# The Reformation Project: Training LGBT Christians & Allies to Change the Church



## JohnGill (Sep 10, 2013)

(ADMINS: I posted here, though I'm unsure if this is the best area for this thread.)


Not sure if anyone has seen this yet: The Reformation Project: Training LGBT Christians & Allies to Change the Church | Indiegogo

From the page:



> It's time to end homophobia in the church. Donate to help fund our first leadership conference for 50 LGBT and straight Christians this fall.
> 
> [h=2]*
> Our Vision: A Homophobia-Free Church*[/h] Far too many Christian churches preach a homophobic gospel, to the severe detriment of all lesbian, gay, bisexual, and transgender (LGBT) people. Gay rights gain ground every year, but the underlying dynamic of significant religious opposition to them persists.
> ...



The site for this so-called Reformation Project is very disturbing as it gives the appearance of sound Christian theology (Statement of Faith) and yet it promotes the idea that unrepentant sodomites are Christians. Has anyone run into this group? I ind it perverse that they have appropriated the term "reformation" in such a way. If nothing else, then something to be on the lookout for within the church.


----------



## Marrow Man (Sep 10, 2013)

Several months ago, James White went through Matthew Vines' entire presentation and showed how erroneous all of this is. He has posted that refutation for free on his website, here: "Gay Christianity" Refuted!


----------



## JohnGill (Sep 10, 2013)

Marrow Man said:


> Several months ago, James White went through Matthew Vines' entire presentation and showed how erroneous all of this is. He has posted that refutation for free on his website, here: "Gay Christianity" Refuted!

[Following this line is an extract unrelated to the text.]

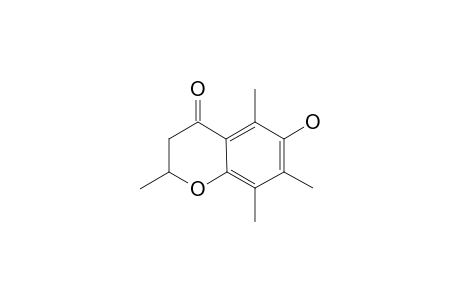 6-HYDROXY-2,5,7,8-TETRAMETHYL-4-CHROMANONE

Glad to here it's being tackled.


----------



## arapahoepark (Sep 10, 2013)

I hope and pray the project dies swiftly.


----------



## JohnGill (Sep 10, 2013)

arap said:


> I hope and pray the project dies swiftly.



Considering they raised over a $100k in a short time, I think it'll be staying around.

I hope it stays a fringe group that does die out quickly, but with our country's current climate favoring sodomy, I see this group gathering momentum.


----------